It has been a roller coaster ride for the greenback as the USD sell-off that started on Friday after Fed Chair Powell’s Jackson Hole speech and President Trump adding additional tariffs to China completely reverses early Monday morning when Trump announced that the US and China are “getting back to the table”. There is now a possibility that an agreement could happen. This is a complete reversal of comments earlier during the weekend and shows how fragile these trade talks are. US equities and Treasury yields have reacted positively towards the news of new negotiations.
The German IFO Business Climate Index came in at 94.3 for August. This was weaker than last month’s 95.7 and missed estimates of 95.1. Expect the single currency to remain under pressure as geopolitical pressure from Italy remain. Comments by the Fed regarding global economic weakness which includes the Eurozone economy which seems on the verge of recession will continue to put pressure on the EUR.
The British Pound is trading lower as uncertainty regarding Brexit continues to weigh on the GBP. After receiving some positive response last week from German Chancellor Merkel and French President Macron, EU President reversed those comments calling Prime Minister Johnson “Mr. No Deal”. British traders are observing a holiday today but the GBP has fallen off the highs that were reached on Friday.
After reaching multi-year lows based on the negative US-China trade comments from President Trump on Friday, the JPY has reversed after the “back to the table” comments were made early Monday morning. Safe haven buying could return if the trade news turns negative once again, so for now it looks like a “ride the wave” mentality will be how the USD/JPY trades today.
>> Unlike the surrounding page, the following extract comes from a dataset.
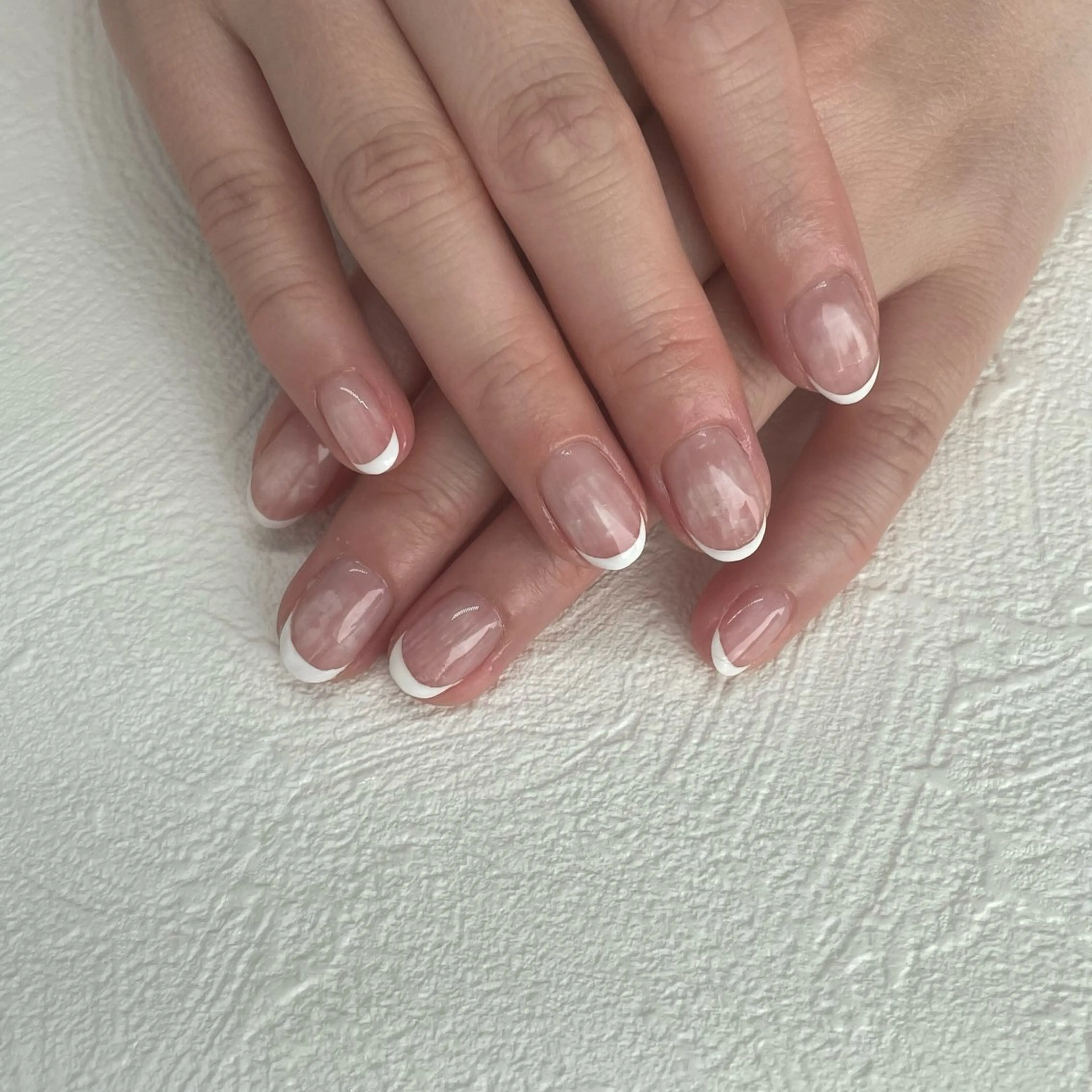 ネイル ハンドネイル Ada立川店🫧宮田 美桜のネイルデザイン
The Canadian Dollar originally moved higher overnight but then moved lower again as oil prices fell below $54. Trade related headlines will continue to affect the Canadian Dollar. If the trade war can come to a conclusion, commodity linked currencies like the Canadian Dollar will improve.
In response to trade escalation the Chinese Yuan was under pressure in early Monday morning trading. Many traders still believe there is room for the Yuan to weaken further which is sure to draw the ire of President Trump. He has already called China a “currency manipulator”. While traders are optimistic about the latest possible negotiations any breakdown may have dire circumstances.